On 03/13/2015 03:00 PM, Charles Shapiro wrote:
> Heh. Hadda look that one up.   Could work great, depending on resources and
> purpose.
> 
> -- CHS
> 
> 
> On Fri, Mar 13, 2015 at 2:51 PM, DJ-Pfulio <DJPfulio at jdpfu.com> wrote:
> 
>> Or just use an ORM.
>>
>> On 03/13/2015 02:36 PM, Charles Shapiro wrote:
>>> Hmm. I'm not that familiar with MySQL, but in PostgreSQL the way to
>> determine
>>> what you want is
>>>
>>> select
>>>    animal.id <http://animal.id>
>>> from
>>>    animal
>>> left join
>>>    food
>>> on
>>>    animal.id <http://animal.id> = food.animalid
>>> where
>>>    food.id <http://food.id> is null
>>> ;
>>>
>>>
>>> Writing SQL queries takes some practice.  One handy tip I've found is to
>> write
>>> the "from..." part first, then go back and fill in what columns you wish
>> to select.
>>>
>>> Doing anything based on the numeric value of the "id" field is a Bad
>> Idea.  In
>>> most relational databases, that field just increments when you add a
>> record to
>>> your table.  It never decrements when you delete records.  That means
>> that the
>>> ID value itself is useless in determining what is or is not in a table.
>>  It's
>>> only useful when it's in another table -- hence the name, "Relational".
>>>
>>>
>>> Your current table setup also breaks down if you add -- say -- a goat
>> which
>>> wants to eat the same things as the giraffe.
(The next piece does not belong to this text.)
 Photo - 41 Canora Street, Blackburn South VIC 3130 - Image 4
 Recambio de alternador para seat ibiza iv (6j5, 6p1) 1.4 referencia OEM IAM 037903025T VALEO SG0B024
You're more likely to have
>> several
>>> animals linked to the same foods than several foods linked to the same
>> animal.
>>> Don't you really want a "FoodFk" in the "animal" table?  Then you could
>> have
>>> lots of animals which eat the same thing.  Of course, I reckon in
>> reality you'd
>>> need a jump table to link foods and animals:
>>>
>>> food_animal { integer animalid references animal(id), integer foodid
>> references
>>> food(id) }
>>>
>>> Then you could have lots of different foods and lots of different
>> animals all
>>> linked together.
>>>
>>>
>>> -- CHS
>>>
>>>
>>> On Fri, Mar 13, 2015 at 1:52 PM, David S Jackson <deepbsd.ale at gmail.com
>>> <mailto:deepbsd.ale at gmail.com>> wrote:
>>>
>>>     Hi,
>>>
>>>     I'm a MySQL newbie.  I'm just starting to use Python to talk to MySQL
>>>     databases, but first I need to understand the MySQL query language!
>>>
>>>
>>>     So, I have two tables:  (zoo) animal and food.
>>>
>>>     animal has the columns ID, NAME, FAMILY, WEIGHT
>>>
>>>     food has  ID, ANIMALID, FEED
>>>
>>>
>>>     So if I go: select id, name, family, feed from animal JOIN food ON
>> animal.id
>>>     <http://animal.id>=food.animalid;
>>>
>>>
>>>     I get something like:
>>>
>>>     ID   NAME        FAMILY      FEED
>>>     1    Seymore   Snake        mice, leaves
>>>     2    Gerard      Giraffe       leaves, grass
>>>     ...
>>>     etc
>>>
>>>     So, if I have a situation where I want to see whether an animal has
>> been
>>>     added the animal table but may have not been added to the food
>> table, how
>>>     would I compose that query?
>>>
>>>     That is, the animal could have been added to the animal table and
>> could get
>>>     an id, say 10, but the food table could have 20 foods already
>> entered and
>>>     the animal-id would be used several times.
>>>
>>>     I was thinking, is there a way I can ask, "does the highest
>> animal.id
>>>     <http://animal.id> number equal the highest food.animalid number"?
>> If not,
>>>     what animal is not getting fed?